June 24 is St. John's Day, named for St. John the Baptist, cousin of Jesus. It's also the holiest day of year for voodoo practitioners.

Voodoo has long been accepted as part of New Orleans' culture, while in the rest of the country it remains misunderstood and often disparaged.

St. John's Day, which falls every year around the summer solstice, is a celebration of growing and moving forward. Practitioners and curiosity-seekers alike gather and participate in various ceremonies.

This year, the observance of St. John's Day is more important than ever. "This is a time when people can heal or choose not to," said John T. Martin, a voodoo priest. "New Orleans needs a lot of help now."

It's been estimated that 15 percent of New Orleans residents practice voodoo in some way, although it is impossible to confirm.

"Most believers are solitary practitioners, fearful of negative energy from others not true at heart," said Martin.

On special occasions, people gather to celebrate what is often perceived as a dangerous religion.

Voodoo is a nature-based system of worship, similar to pagan religions. There are even certain similarities between Catholicism and voodoo. Both religions believe in an omnipotent creator as well as intermediaries between man and God - the loa in voodoo, and saints in Catholicism.

Celebrating the Voodoo Queen

The religion came to New Orleans via the slave trade and has had a presence in the city ever since.

Marie Laveau, a voodoo priestess who died in 1881, furthered the religion in the region through her immense popularity. She was a free woman of color and a devout Catholic who became the most powerful voodoo queen in the world.

Working as a hairdresser for New Orleans' elite, she transcended the racial and class boundaries of the time.

She was also believed to have magical powers. It is said that she had 15 children, including two sets of twins and one set of triplets, after performing a fertility ritual.

Ceremonies are being held throughout New Orleans this weekend to celebrate renewal and to honor Marie Laveau, as well as the loas who are believed to look over the living.

Voodoo priestess Sallie Ann Glassman will host a head-washing ceremony, similar to a baptism, on the banks of Bayou St. John, which runs alongside New Orleans City Park.

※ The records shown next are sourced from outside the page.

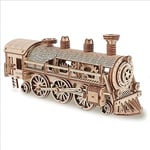 ACROPAQ - Kit Puzzle 3D Bois Horloge Train - Maquette à Construire - Modèles mécaniques pour Adultes - Pas Besoin de Colle - Maquette Bois 3D - Train en Bois - PUZ3D3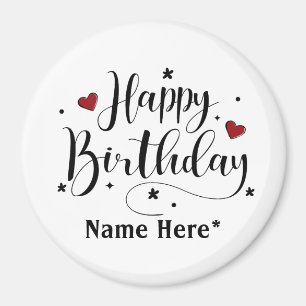 Happy Birthday-minimalistische typografie Magneet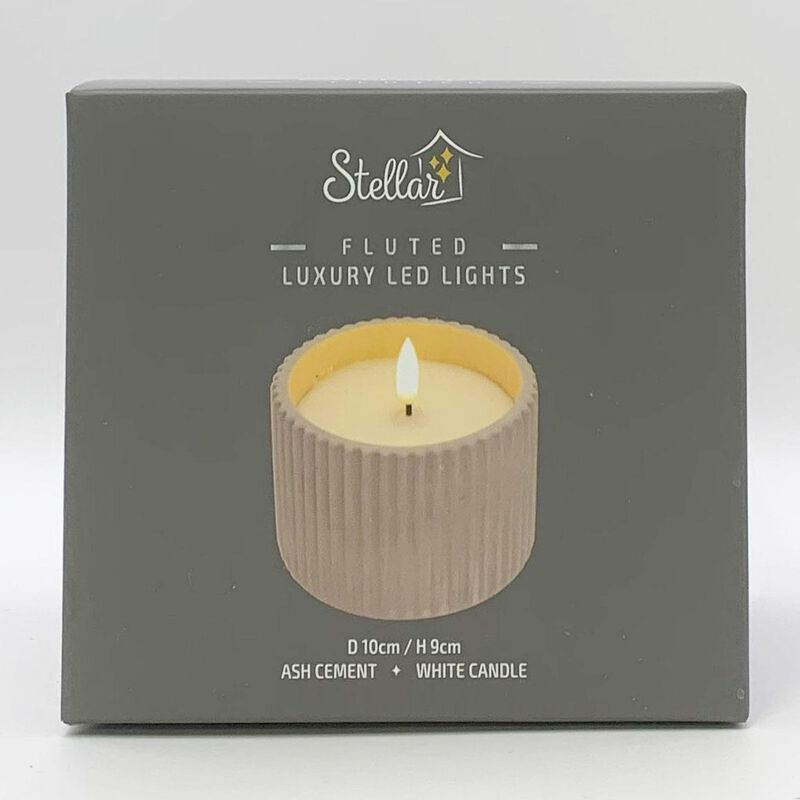 Stellar Haus Ash Cement Blend AAA LED Candle 9cm image number 1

Followers will offer gifts at makeshift altars, some private and some public, around the city.

Tourism is New Orleans main industry, and inquisitive tourists can learn more about voodoo at the various shops and the Voodoo Museum in the French Quarter. The International House Hotel in downtown New Orleans also caters to interested visitors, hosting an array of voodoo events around St. John's Day.

Asked if Hurricane Katrina has changed the way voodoo is seen in New Orleans today, John T. Martin said, "More people are interested in alternatives because they are troubled due to things not happening as they should."